Hmmmmmmm I was instructed to compose another thrilling chapter of this saga that is Bens blog, but I don't really know what to say. Life is going pretty good, school is school, you know. Not much really goes on around here, just a lot of hanging out. This weekend were gonna have a
barbecue on the beach (one of the plus sided to living in Hawaii) and I''m pretty sure I'm gonna go to the Angels and Airwaves concert in December. As for Thanksgiving I do believe I will be joining a friend of mines family for dinner, because my roommate is going to his girlfriends house. Lets see... it looks a lot like Washington here some days, that is rainy, windy and cloudy... but then its also like 75 degrees out.
Pretty much not a lot of new stuff happening
I have longer hair and glasses now
And a pretty gnarly beard.... No Shave November
Sometimes I wear them
Now its time for a wonderful, magical list of mystical happiness... actually its just a list of things I have learned thus far.
And just for the record, items with a asterisk * I have not myself done, only witnessed.
- A Jar of peanut butter = Dinner, breakfast, snack, lunch
- A bag of cookies= Dinner and breakfast
- Yes we have a pool... that doesn't mean anyone would swim in it
- You will get in trouble for jumping of the 3rd floor lanai (thats balcony for all you mainlanders) into aforementioned pool*
- The 2nd and 4th floors are off limits too*
- It can rain and you can get wet from an apparently blue clear sky
- If you put your hand in something sticky... wash it. Immediately.
- Don't bother trying to catch the door if the wind decided to slam it. Just lay back and cover your ears.
- Smell gas?
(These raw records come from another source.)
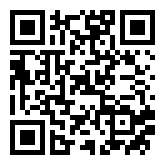 相爷，您的医妻有点毒二维码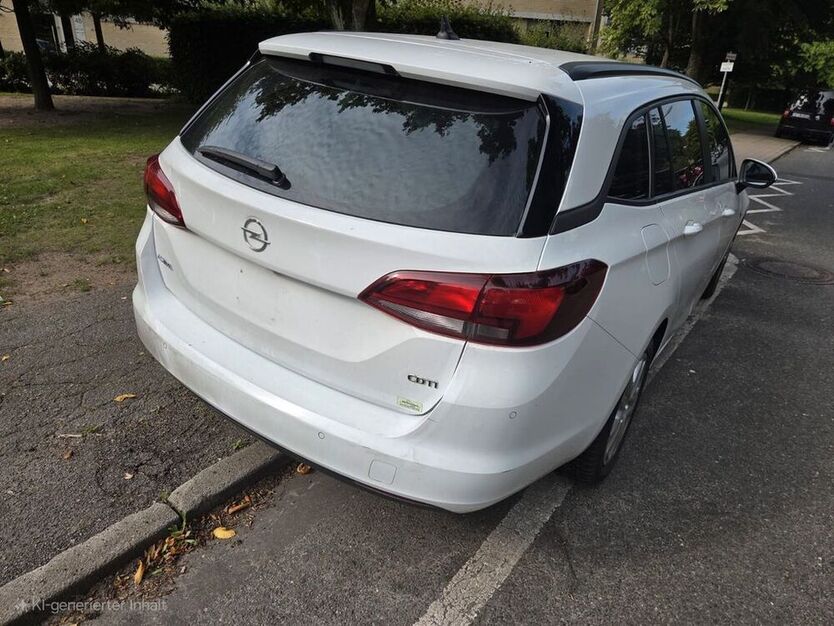Astra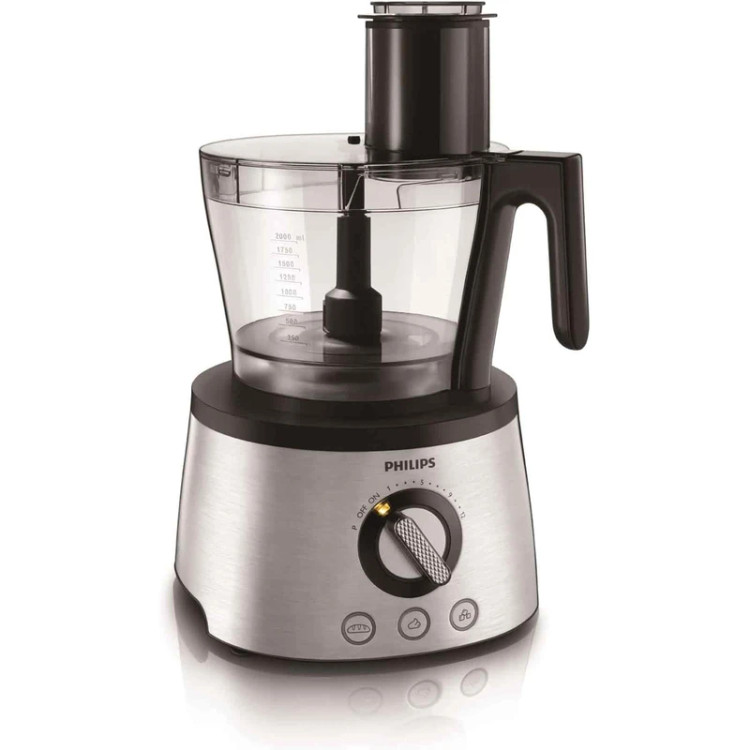 غذا ساز فیلیپس PHILIPS مدل HR7778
Dont bother calling the fire department, you'll just get in trouble*
- Turns out our stoves suck
- In fact that is likely the first thing you will smell if you come to Kalo Terrace.
- No matter what your (Ex) -roommate says, dog and human poop do not look alike
- The ending of Halo 3 is not worth burning your pizza
- Playing Frisbee all day in the sun, while shirtless, without sunscreen will lead to a severe burn that will eliminate most if not all of your tan.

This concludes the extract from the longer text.